Task requirements =
Using the records that follow, copy every line containing the word "Honda".

-=-=-=-=-

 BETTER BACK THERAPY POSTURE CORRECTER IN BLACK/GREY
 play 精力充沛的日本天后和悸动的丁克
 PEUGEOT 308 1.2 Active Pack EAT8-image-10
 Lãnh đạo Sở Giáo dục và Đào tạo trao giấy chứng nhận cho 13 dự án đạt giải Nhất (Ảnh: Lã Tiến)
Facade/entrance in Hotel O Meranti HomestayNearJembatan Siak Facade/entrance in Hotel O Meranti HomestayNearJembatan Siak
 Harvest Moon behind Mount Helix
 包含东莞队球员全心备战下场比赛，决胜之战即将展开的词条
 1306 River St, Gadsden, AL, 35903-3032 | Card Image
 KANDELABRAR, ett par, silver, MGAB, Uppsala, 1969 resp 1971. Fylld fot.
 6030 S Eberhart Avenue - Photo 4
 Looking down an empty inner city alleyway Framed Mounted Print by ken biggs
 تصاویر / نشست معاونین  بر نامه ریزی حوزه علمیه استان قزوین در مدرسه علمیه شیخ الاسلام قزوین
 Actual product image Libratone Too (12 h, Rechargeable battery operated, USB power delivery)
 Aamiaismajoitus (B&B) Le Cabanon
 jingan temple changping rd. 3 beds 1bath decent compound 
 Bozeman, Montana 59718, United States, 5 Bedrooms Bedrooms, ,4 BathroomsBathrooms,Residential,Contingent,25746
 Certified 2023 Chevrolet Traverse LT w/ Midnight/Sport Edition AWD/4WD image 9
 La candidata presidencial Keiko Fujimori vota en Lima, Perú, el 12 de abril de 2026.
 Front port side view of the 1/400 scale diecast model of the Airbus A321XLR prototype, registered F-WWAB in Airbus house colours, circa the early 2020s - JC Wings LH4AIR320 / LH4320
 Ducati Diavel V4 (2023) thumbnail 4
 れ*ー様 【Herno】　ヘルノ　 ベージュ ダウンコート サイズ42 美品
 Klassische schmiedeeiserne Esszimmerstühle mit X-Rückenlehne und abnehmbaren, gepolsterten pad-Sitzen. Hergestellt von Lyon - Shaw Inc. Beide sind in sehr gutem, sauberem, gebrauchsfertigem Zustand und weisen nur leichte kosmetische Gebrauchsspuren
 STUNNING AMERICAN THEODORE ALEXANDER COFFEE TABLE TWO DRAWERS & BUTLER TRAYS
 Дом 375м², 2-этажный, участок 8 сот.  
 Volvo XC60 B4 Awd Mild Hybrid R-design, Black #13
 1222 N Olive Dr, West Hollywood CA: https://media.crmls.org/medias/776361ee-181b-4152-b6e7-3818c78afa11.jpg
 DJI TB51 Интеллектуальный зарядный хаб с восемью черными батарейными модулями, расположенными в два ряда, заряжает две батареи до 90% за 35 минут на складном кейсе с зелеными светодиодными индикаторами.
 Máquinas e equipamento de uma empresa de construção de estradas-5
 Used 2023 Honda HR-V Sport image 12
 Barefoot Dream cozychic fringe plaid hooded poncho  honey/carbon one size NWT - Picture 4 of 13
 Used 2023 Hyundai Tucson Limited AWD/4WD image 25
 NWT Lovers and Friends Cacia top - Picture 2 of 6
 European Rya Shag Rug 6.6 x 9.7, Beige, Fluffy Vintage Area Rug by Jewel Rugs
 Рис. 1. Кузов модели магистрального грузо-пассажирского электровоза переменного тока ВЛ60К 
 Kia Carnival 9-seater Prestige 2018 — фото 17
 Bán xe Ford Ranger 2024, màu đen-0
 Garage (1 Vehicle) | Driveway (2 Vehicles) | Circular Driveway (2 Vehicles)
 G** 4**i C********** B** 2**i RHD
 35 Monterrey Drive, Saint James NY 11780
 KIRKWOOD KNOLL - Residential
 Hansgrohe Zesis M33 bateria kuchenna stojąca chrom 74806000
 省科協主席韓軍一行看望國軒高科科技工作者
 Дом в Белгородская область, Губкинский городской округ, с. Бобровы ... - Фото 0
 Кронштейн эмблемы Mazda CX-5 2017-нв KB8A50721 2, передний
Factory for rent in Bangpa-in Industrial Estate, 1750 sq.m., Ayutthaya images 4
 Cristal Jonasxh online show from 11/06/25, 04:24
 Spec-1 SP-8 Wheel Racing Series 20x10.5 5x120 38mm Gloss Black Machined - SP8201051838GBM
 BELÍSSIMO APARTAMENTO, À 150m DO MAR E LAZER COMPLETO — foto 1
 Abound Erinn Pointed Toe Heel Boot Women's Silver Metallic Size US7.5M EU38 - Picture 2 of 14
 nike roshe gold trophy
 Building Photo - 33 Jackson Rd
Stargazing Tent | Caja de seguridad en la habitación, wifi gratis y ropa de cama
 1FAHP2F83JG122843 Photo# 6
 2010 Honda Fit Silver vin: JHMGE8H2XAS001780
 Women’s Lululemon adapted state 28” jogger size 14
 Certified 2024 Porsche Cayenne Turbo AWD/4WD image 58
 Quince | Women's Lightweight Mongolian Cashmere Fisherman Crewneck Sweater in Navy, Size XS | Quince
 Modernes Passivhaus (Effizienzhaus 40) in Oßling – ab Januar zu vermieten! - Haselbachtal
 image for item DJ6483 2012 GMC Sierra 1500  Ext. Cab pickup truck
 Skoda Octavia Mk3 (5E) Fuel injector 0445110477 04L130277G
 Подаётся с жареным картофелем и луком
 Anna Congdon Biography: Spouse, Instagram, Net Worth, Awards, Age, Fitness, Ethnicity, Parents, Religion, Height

-=-=-=-=-

Problem solution =
 Used 2023 Honda HR-V Sport image 12
 2010 Honda Fit Silver vin: JHMGE8H2XAS001780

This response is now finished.